Пока я размышляю, что бы это могло означать, Тельтевский достает из-под подушки зубную пасту и – р-раз! – привычным движением выдавливает тюбик в кружку. Вода тоже оказалась под рукой.
Ага! Вот оно что! Я уже наслышан, что зубная паста с водичкой – совсем не плохой, по мнению заядлых выпивох, коктейльчик, если, конечно, нет чего покрепче.
Кружка пошла по рукам, но выпили только Тельтевский и Круглов. Даже Серега Павлов поморщился и отстранил кружку:
– Нет уж, сами пейте эту микстуру!
Боксер выпить любил, но придерживался определенных рамок: заменителей алкоголя не употреблял…
* * *Пока наша компания, выпивая, мрачно размышляла о своей рабской доле, в бараке началась вечеринка: ребята-узбеки решили отметить первый рабочий день. Загремела музыка. Музыканты стояли рядком у стены в дальнем конце барака. Их было трое – один с дойрой, другой с рубабом, третий – еще с чем-то, но грохотали они так, будто в оркестре было человек десять. Особенно старался дойрист. Улыбаясь до ушей, он бешено барабанил по дойре, она прямо-таки плясала в его руках. Моталась взад-вперед, будто дирижируя концертом, и голова дойриста, аж тюбетейка съехала набок. Парень работал с наслаждением: еще бы, ведь утром, на побудке, он не мог так разыграться…

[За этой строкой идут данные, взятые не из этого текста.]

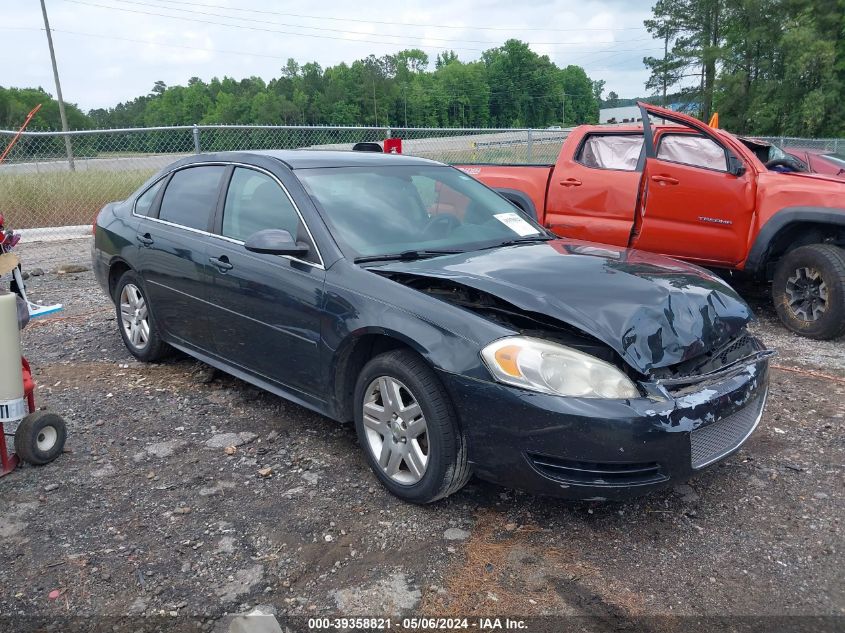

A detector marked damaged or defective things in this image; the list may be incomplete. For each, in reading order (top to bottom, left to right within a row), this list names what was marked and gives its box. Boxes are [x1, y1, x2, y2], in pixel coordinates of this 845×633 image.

crumpled hood [378, 239, 752, 372]
damaged front bumper [442, 346, 772, 498]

Почти все перебрались поближе к музыкантам, нижние нары на той половине барака были забиты до отказа, желающие потанцевать образовали полукруг около оркестра.
«Неужели кто-то еще может танцевать после этого чертова хлопка?» – подумал я. Мне и с нар-то своих слезать было лень. А «на сцену» уже вышла первая танцорка. Это была та самая девушка, которую мы со Школьником видели на поле. Она и тогда, с тяжелым тюком хлопка, показалась мне грациозной, но сейчас! Как плавно и неторопливо шла она по кругу, то пританцовывая, то кружась, как она пощелкивала пальцами в такт шажкам, как поднимались ее руки, как склонялась головка! «Какой там хлопок! – думал я, с восторгом глядя на нее. – Может, он мне приснился? Неужели эту красотку из «Тысячи и одной ночи» – вон какие на ней шаровары, какое шелковое платье, как красиво заплетены эти бесчисленные черные косички – я видел сегодня с тюком на голове? Не может быть!»

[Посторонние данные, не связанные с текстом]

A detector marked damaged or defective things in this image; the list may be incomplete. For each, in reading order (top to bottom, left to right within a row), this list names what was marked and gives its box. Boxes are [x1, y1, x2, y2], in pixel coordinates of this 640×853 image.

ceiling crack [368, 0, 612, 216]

– Узнаешь? – толкнул меня кулаком в спину Школьник. – Во дает!
А танцующих становилось все больше. Может, они танцевали и не так красиво, как Зульфия, но все плясали от души и никто не выглядел усталым.
Поначалу танцевали только узбекские студенты. Потом замелькали среди них и ребята из русских групп. Вот, обняв друг друга за плечи, кружатся четыре наших девчонки. Вот присоединились к ним трое преподавателей… К этому времени музыка, смех, визг, хлопанье в ладоши слились под невысокой крышей барака в такую веселую какофонию, что в ушах звенело. Наши песни под Лёнькину гитару показались бы сейчас тихим и нежным мурлыканьем.
* * *Ночью мне приснился Короткий Проезд. Я сладко сплю на топчане под урючиной, мне хорошо, хорошо… А Юрке не спится. Чего он хочет от меня? Зачем толкает в бок? Опять кидать в Шефа урюком? Нет, нет, я спать буду, спать…
– Юабов, эй! Пора!
Луч фонарика скользнул по моему лицу и сразу погас. Сашка Носов нетерпеливо тряс меня за плечо. – Идешь ты или нет?
Ночь как на зло выдалась светлая: полная луна самодовольно сияла среди безоблачного неба. Будто специально для того вылезла, чтобы нас высветить! Что, кстати, было довольно опасно. Хотя давно миновала полночь, это вовсе не означало, что все студенты и преподаватели мирно посапывают на своих нарах, особенно после такой веселой вечеринки. Наверно, немало нашлось любителей прогуляться в обнимку по окрестностям. Круглова, например, когда мы уходили, не было на нарах. Значит, не было и Ольги Сандлер… А кого еще?
Мы с Лёнькой Школьником боязливо крались вдоль стенки барака, стараясь просто-таки вжаться в нее: какая-никакая, а всё же тень. Бесстрашный Носов, покуривая, шел по открытому месту… Прогуливался.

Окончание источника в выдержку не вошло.